Health checks on Machines

Are any form of (local or remote) health checks available for Machine apps? If so, what’s the behaviour when those fail? I’d expect them to get torn down as if they were hit with fly m stop.

I’ve asked this before but got no answers [0][1]. Today the (main) app process on one of the Machine VMs was not responsive on its service ports (for reasons unknown), but the VM was still getting traffic (which it couldn’t serve), and then eventually hit 100% CPU usage (it is unclear why). Ideally, health-checks would have kicked in and stopped this Machine, rather than Fly Proxy sending requests to a Machine which is in no position to fulfill them.
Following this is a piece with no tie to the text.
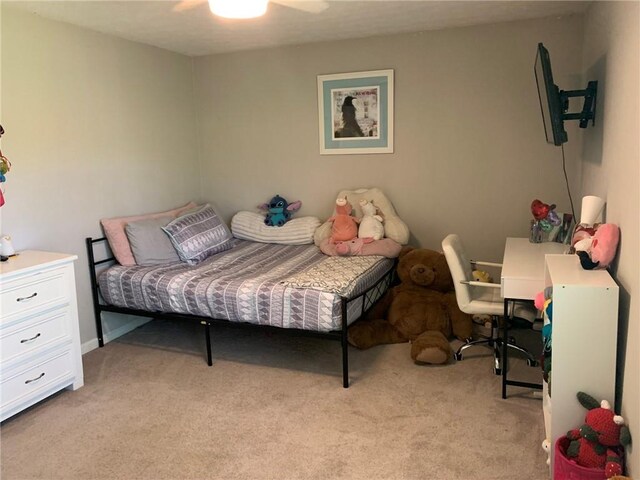 bedroom with a ceiling fan and light colored carpet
The only thing in logs was a running stream of:

error.message="failed to connect to fly machine: Supposedly started, and not stopped, but: connection timed out" 2022-12-01T19:33:06Z proxy[3d8dd59fe15689] sea [error]
error.message="failed to connect to fly machine: Supposedly started, and not stopped, but: connection timed out" 2022-12-01T19:33:06Z proxy[3d8dd59fe15689] sea [error]
error.message="failed to connect to fly machine: Supposedly started, and not stopped, but: connection timed out" 2022-12-01T19:33:06Z proxy[3d8dd59fe15689] sea [error]
error.message="failed to connect to fly machine: Supposedly started, and not stopped, but: connection timed out" 2022-12-01T19:33:06Z proxy[3d8dd59fe15689] sea [error]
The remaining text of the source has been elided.